GILDEROY AND THE SIXTEEN-STRING JACK
I—GILDEROY
He stood six feet ten in his stockinged feet, and was the tallest ruffian that ever cut a purse or held up a coach on the highway. A mass of black hair curled over a low forehead, and a glittering eye intensified his villainous aspect; nor did a deep scar, furrowing his cheek from end to end, soften the horror of his sudden apparition. Valiant men shuddered at his approach; women shrank from the distant echo of his name; for fifteen years he terrorised Scotland from Caithness to the border; and the most partial chronicler never insulted his memory with the record of a good deed.
He was born to a gentle family in the Calendar of Monteith, and was celebrated even in boyhood for his feats of strength and daring. While still at school he could hold a hundredweight at arm’s-length, and crumple up a horseshoe like a wisp of hay. The fleetest runner, the most desperate fighter in the country, he was already famous before his name was besmirched with crime, and he might have been immortalised as the Hercules of the seventeenth century, had not his ambition been otherwise flattered.

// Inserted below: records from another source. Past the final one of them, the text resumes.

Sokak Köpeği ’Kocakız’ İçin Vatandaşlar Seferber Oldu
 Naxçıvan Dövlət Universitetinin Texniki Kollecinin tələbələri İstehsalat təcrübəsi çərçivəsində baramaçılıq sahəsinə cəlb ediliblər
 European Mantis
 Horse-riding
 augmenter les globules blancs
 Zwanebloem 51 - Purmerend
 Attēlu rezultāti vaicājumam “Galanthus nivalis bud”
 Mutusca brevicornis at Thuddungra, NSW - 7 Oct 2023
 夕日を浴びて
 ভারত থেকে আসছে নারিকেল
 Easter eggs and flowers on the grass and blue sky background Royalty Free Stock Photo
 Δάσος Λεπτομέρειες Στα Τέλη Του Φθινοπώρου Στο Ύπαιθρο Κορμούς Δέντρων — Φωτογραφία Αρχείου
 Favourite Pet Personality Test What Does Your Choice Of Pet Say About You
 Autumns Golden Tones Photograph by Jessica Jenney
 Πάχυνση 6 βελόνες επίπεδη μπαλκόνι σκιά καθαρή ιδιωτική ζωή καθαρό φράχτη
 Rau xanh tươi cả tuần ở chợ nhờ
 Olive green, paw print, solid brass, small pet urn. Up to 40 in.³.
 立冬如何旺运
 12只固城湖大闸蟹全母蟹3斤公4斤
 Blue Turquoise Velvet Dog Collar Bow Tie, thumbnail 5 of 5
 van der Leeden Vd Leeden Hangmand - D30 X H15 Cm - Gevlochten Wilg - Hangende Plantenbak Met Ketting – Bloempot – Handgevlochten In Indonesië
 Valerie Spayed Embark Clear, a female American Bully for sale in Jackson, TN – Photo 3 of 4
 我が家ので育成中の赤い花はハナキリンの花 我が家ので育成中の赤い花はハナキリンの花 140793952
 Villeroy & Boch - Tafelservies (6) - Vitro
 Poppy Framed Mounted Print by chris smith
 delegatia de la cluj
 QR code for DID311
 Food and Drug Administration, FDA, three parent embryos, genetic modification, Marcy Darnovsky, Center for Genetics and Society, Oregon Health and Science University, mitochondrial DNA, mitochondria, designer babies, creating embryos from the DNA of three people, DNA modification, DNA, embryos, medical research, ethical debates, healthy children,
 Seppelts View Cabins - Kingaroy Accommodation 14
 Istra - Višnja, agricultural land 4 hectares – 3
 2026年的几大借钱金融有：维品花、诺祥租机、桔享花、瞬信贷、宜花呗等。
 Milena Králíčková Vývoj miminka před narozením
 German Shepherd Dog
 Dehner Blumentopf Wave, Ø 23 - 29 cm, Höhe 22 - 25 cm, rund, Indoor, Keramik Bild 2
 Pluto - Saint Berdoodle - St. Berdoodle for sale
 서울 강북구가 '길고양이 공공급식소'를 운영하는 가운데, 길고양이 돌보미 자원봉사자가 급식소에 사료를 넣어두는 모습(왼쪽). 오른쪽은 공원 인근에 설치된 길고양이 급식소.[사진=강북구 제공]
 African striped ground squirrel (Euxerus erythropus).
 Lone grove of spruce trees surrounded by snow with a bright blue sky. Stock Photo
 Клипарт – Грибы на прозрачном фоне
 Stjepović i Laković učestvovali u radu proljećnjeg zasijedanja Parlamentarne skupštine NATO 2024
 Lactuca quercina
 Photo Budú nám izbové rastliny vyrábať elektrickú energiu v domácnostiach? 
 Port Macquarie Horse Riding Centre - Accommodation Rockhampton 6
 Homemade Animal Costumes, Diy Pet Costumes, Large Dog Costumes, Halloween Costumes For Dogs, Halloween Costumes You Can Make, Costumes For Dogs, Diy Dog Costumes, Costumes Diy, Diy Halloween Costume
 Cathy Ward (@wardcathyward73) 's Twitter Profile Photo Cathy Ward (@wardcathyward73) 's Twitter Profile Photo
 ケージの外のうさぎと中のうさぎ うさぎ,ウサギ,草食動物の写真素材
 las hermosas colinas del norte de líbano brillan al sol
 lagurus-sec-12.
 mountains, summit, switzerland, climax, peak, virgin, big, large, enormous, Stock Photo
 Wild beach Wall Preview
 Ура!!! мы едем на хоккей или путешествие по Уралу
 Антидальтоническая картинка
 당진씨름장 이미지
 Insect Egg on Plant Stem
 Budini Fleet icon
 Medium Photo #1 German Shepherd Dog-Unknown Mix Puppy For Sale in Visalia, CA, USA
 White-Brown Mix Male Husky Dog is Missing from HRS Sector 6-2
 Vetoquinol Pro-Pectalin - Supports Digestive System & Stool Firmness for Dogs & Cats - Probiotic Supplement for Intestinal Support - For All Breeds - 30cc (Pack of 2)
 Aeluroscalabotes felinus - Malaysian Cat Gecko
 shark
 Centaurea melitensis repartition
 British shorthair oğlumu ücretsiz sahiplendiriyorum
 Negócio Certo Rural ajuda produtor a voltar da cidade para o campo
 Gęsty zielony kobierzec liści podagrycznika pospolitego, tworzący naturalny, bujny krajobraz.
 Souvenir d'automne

At the outset, though the inclination was never lacking, he knew small temptation to break the sterner laws of conduct. His pleasures were abundantly supplied by his father’s generosity, and he had no need to refrain from such vices as became a gentleman. If he was no drunkard, it was because his head was equal to the severest strain, and, despite his forbidding expression, he was always a successful breaker of hearts. His very masterfulness overcame the most stubborn resistance; and more than once the pressure of his dishonourable suit converted hatred into love. At the very time that he was denounced for Scotland’s disgrace, his praises were chanted in many a dejected ballad. ‘Gilderoy was a bonny boy,’ sang one heart-broken maiden:
Had
roses till his shoon,
His
stockings were of silken soy,
Wi’
garters hanging doon.
But in truth he was admired less for his amiability than for that quality of governance which, when once he had torn the decalogue to pieces, made him a veritable emperor of crime.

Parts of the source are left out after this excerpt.